沈黙の後、グレイスが近づき、そっとレンの頬に手を添えた。
「お前の強さは認めるが……あまり無茶をするな」
レンは恥ずかしそうに俯いた。
「……はい」
次の瞬間、グレイスの大きな顔が近づき、唇が触れた。
短い、だが確かな口づけだった。
「なっ!?」
レンの顔が真っ赤になった。
「あっ!団長がキスしてる!」
「見ろよ!グレイスがレン坊にキスしやがったぞ!!」
騒ぎを聞きつけ次々と仲間達が集まってくる
「レンの顔真っ赤だぜ!」
「団長やるなぁ!」
周りから口笛と冷やかしが飛び交う。
「お前ら!見てたのか!?」
グレイスは珍しく焦った様子を見せた。
「いやぁ、二人だけの時間邪魔したか?」
「お幸せに!お二人さん!」
騎士団の面々が笑いながら囃し立てた。
グレイスはレンの手を取った。
「もう行くぞ」
「は、はい……」
照れくさそうなレンと、なぜかいつもより柔らかい表情のグレイスが広間へ戻っていった。
***
数日後、王国は落ち着きを取り戻していた。
しかし全てが終わったわけではなかった。
王宮の一室では緊急会議が開かれていた。
「あの器は危険すぎる!あの力……放置すればいずれ我ら獣人の脅威となる」
保守派の貴族が声を上げる。
「何を言うか!レン殿のおかげで我々は救われたのだ!」
英雄視派の武官が反論する。
レンの存在は未だ波紋を投げかけていた。
市場では「あの異人は敵だ」と囁く者もいれば、「英雄レン様」と崇める者もいる。
「やはり……」
レンは窓から外を見つめながら呟いた。
「難しいですね」
隣に立つグレイスが静かに答える。
「ああ。だがお前は既に英雄だ。それだけは変えられない事実だ」
「でも……怖がられるのは……やっぱり……」
レンの声が小さくなる。
「焦る必要はない」
グレイスが大きな手をレンの肩に置いた。
「時はかかるだろう。
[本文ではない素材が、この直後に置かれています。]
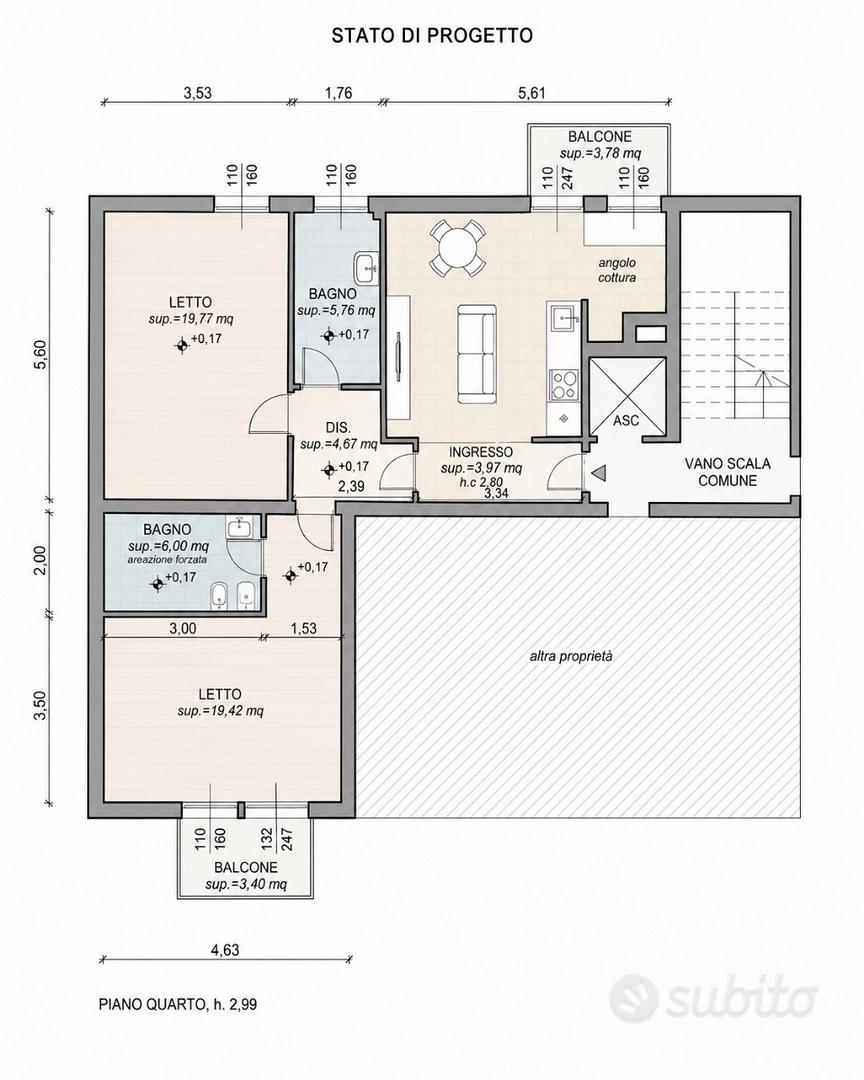 Appartamento – MO - Vista 2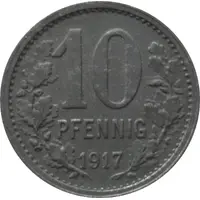 10 Pfennig - Hattingen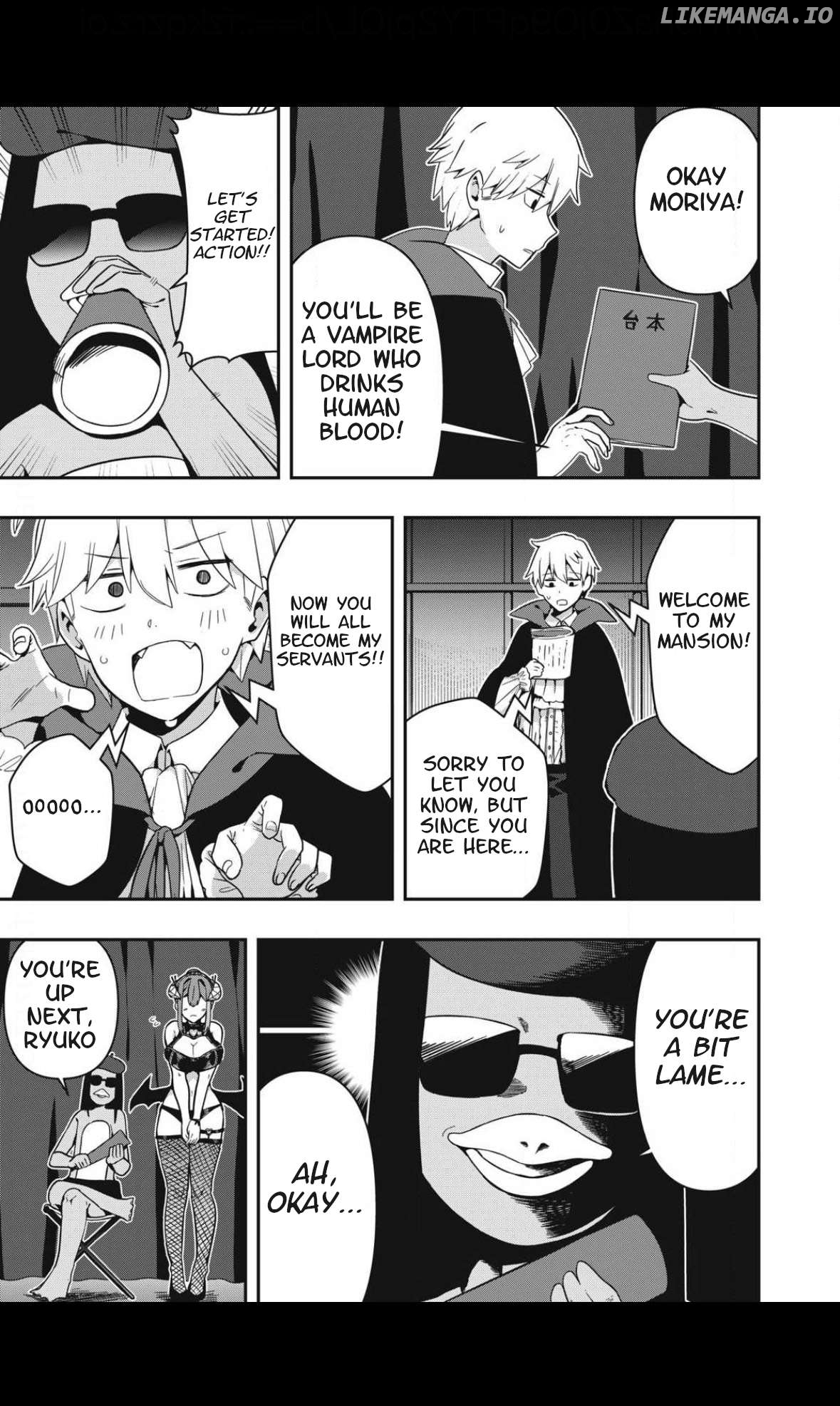 Skeleton Office Chapter 5 - Page 5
だが我々の使命は変わらない。この国を守り、未来を築くことだ」
「未来……」
レンは考え込むように空を見上げた。
「そうだ。我々と共に進めばいい」
グレイスが続けた。
「お前には……」
彼は少し照れくさそうに言葉を選んだ。
「俺と……騎士団がついている」
レンは微笑んだ。
「ありがとうございます。グレイス団長」
「……団長ではなく……」
グレイスが珍しく躊躇いがちに言った。
「グレイスと呼べ」
「はい……グレイス」
レンは恥ずかしそうに名前を呼んだ。
二人は静かに並んで立ち、新しい日々を見つめていた。
『君が決めればいいんじゃないかな』
彼の残した言葉通り、この先の道はレンが自分で切り拓いていくしかない。
困難は続くだろう。誤解や偏見との戦いも。
だが今のレンは一人ではない。
信頼できる仲間、そしてグレイスがいる。
それだけで十分だった。
窓の外では朝日が昇り始めていた。
新たな一日の始まりを告げるように。
レンの物語もまた、これから続いていく。